I have written some code to do a selfjoin task using Hadoop. For this purpose I use DistributedCache class.When I run the code locally in Netbeans the job is done correctly but when I try to run it in a single node cluster after I upload the data in hdfs I get the following Exception:
Error initializing attempt_201301021509_0002_m_000002_0:
java.io.IOException: Distributed cache entry arrays have different lengths: 1, 2, 1, 1
at org.apache.hadoop.mapred.JobLocalizer.downloadPrivateCacheObjects(JobLocalizer.java:316)
at org.apache.hadoop.mapred.JobLocalizer.downloadPrivateCache(JobLocalizer.java:343)
at org.apache.hadoop.mapred.JobLocalizer.localizeJobFiles(JobLocalizer.java:388)
at org.apache.hadoop.mapred.JobLocalizer.localizeJobFiles(JobLocalizer.java:367)
at org.apache.hadoop.mapred.DefaultTaskController.initializeJob(DefaultTaskController.java:202)
at org.apache.hadoop.mapred.TaskTracker$4.run(TaskTracker.java:1228)
at java.security.AccessController.doPrivileged(Native Method)
at javax.security.auth.Subject.doAs(Subject.java:416)
at org.apache.hadoop.security.UserGroupInformation.doAs(UserGroupInformation.java:1121)
at org.apache.hadoop.mapred.TaskTracker.initializeJob(TaskTracker.java:1203)
at org.apache.hadoop.mapred.TaskTracker.localizeJob(TaskTracker.java:1118)
at org.apache.hadoop.mapred.TaskTracker$5.run(TaskTracker.java:2430)
at java.lang.Thread.run(Thread.java:679)
I understand that the problem is in the JobLocalizer.java and the DistributedCache.getLocalCacheFiles(conf)
that returns 2 but I don't know the reason why this happen. Could anyone tell me what I don't get?

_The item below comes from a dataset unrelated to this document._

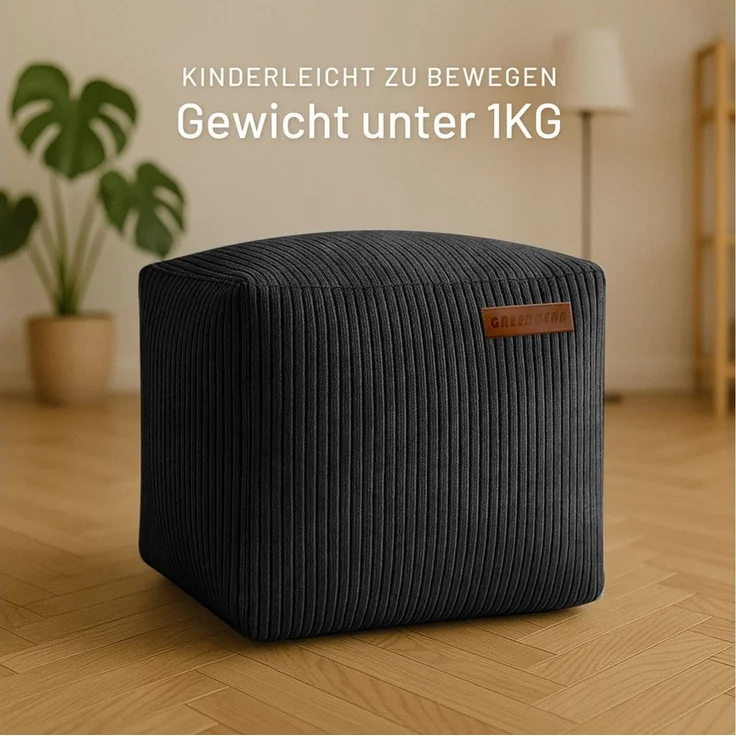 Green Bean Indoor Cord Sitzhocker Pouf Cube 40 x 40 x 40 cm mit EPS-Perlen Füllung - kuschelig weich waschbar - die ideale Ergänzung zum Sitzsack für Kinder & Erwachsene - Schwarz – Bild 2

PS: I forgot to mention that I use Hadoop-1.0.4
PS2: The problem is that DistributedCache.getLocalCacheFiles(conf)
sees the real input file and also a temp file that is the same as the input file and is temporarily stored in /tmp folder. That happens when I run it locally (which does not throw any exception). I guess sth similar happens when I run it from hdfs but then it throws the exception. Is there any ideas how could I fix this?